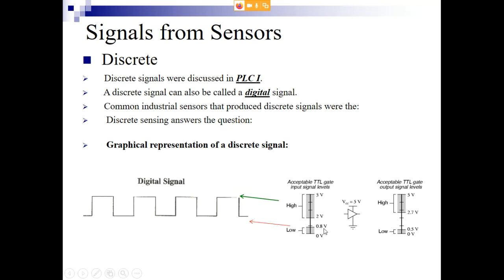Anything below 0.8 volts is considered a zero. Then there's the range between 0.8 volts and two volts — that's no man's land, the DMZ. You never want to be in there. As technicians, we mostly don't have to worry about it — these are design concerns — but we may run into this situation.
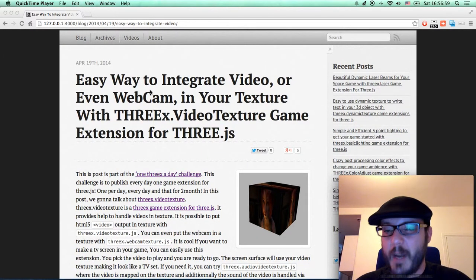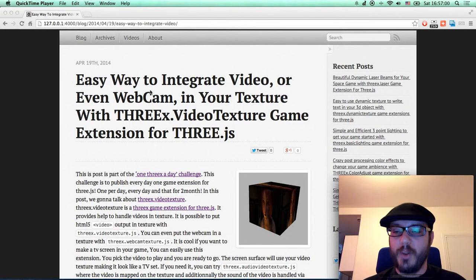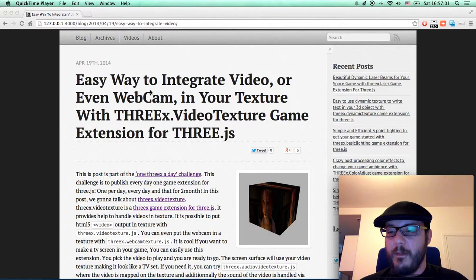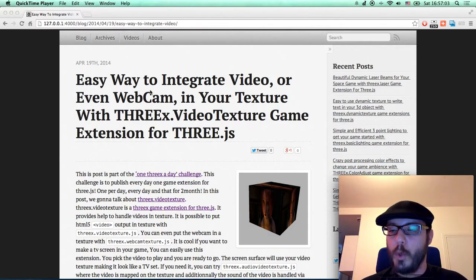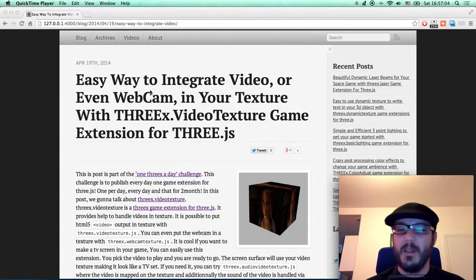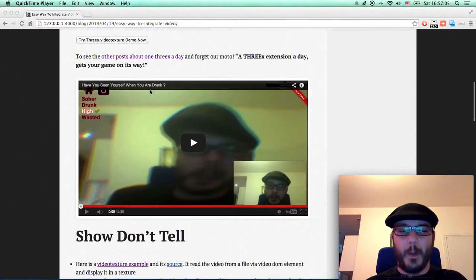Today we're going to talk about video texture. This is a game helper for you to have video inside your game.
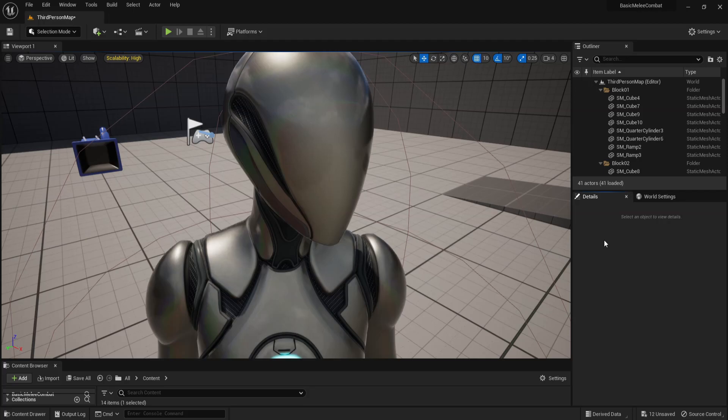What is going on guys, this is your boy Astrum Sensei and welcome back to my basic melee combat tutorial series for Unreal Engine 5.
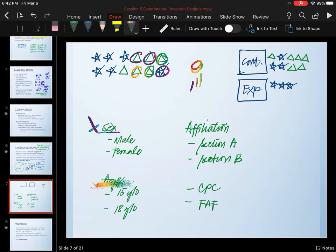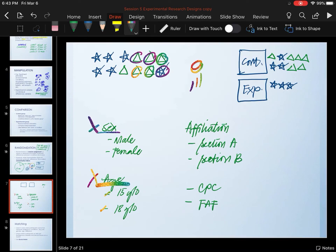The same is true if you want to do an experiment comparing the behavior of people from two different age groups, say 15- and 18-year-old students. It would not make sense to randomly assign them because you are comparing the difference between two age groups. You cannot flip a coin and decide someone is going to be male when they are female, or that someone is going to be a 15-year-old when they are already 18 years old. So no randomization for those two cases.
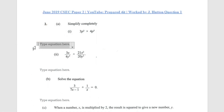Welcome back to another video. Today we'll be working on June 2019 Question 2 on the Paper 2. We'll start by simplifying 3p squared multiplied by 4p raised to the fifth power. What we usually do is work the numbers separately from the letters, which are the variables.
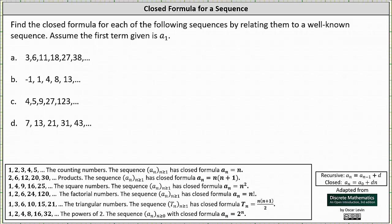We're finding the closed formula for each of the following sequences by relating them to a well-known sequence shown below. Assume the first term given is a sub 1. For sequence A we have 3, 6, 11, 18, 27, 38, and so on. We want to begin by analyzing the common sequences below and see which one the given sequence resembles.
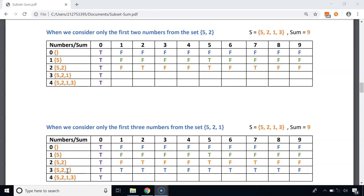For the fourth row, we consider the first three numbers {5, 2, 1}. Sum 1: true (include 1). Sum 2: true (include 2). Sum 3: true (include 2 and 1). Sum 4: false. Sum 5: true (include 5). Sum 6: true (include 5 and 1). Sum 7: true (include 5 and 2). Sum 8: true (include 5, 2 and 1). Sum 9: false.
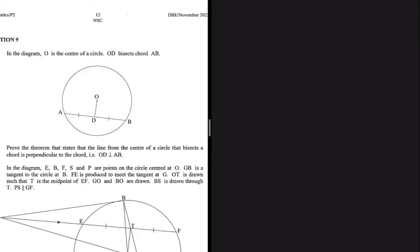We need to prove that a line from the center that bisects the chord is perpendicular to the chord. We're going to do that in three easy steps. Step number one is to make some construction — we're going to construct OA and OB. Let me show you what I'm talking about.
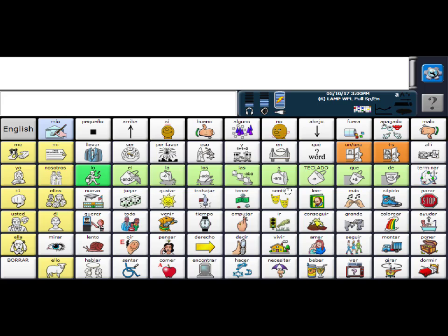Hi, I wanted to show you how to use Vocabulary Builder in Lamp Words for Life Spanish English in the full program.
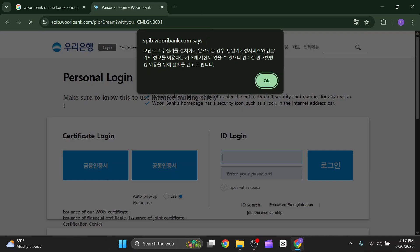After clicking on login, you will get an OTP on your email or your designated phone number. After entering the OTP, you are good to go — you are logged in to the Uribank official Korean online banking. That's it for this video, see you in the next one.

Exercise »
Begin at the first line of the entries and stop after the line holding "Welcome back to another"; repeat those lines exactly, but not the pictures.

Response below »
Anything below 0.8 volts is considered a zero. Then there's the range between 0.8 volts and two volts — that's no man's land, the DMZ. You never want to be in there. As technicians, we mostly don't have to worry about it — these are design concerns — but we may run into this situation.
Today we're going to talk about video texture. This is a game helper for you to have video inside your game.
What is going on guys, this is your boy Astrum Sensei and welcome back to my basic melee combat tutorial series for Unreal Engine 5.
The same is true if you want to do an experiment comparing the behavior of people from two different age groups, say 15- and 18-year-old students. It would not make sense to randomly assign them because you are comparing the difference between two age groups. You cannot flip a coin and decide someone is going to be male when they are female, or that someone is going to be a 15-year-old when they are already 18 years old. So no randomization for those two cases.
Welcome back to another video. Today we'll be working on June 2019 Question 2 on the Paper 2. We'll start by simplifying 3p squared multiplied by 4p raised to the fifth power. What we usually do is work the numbers separately from the letters, which are the variables.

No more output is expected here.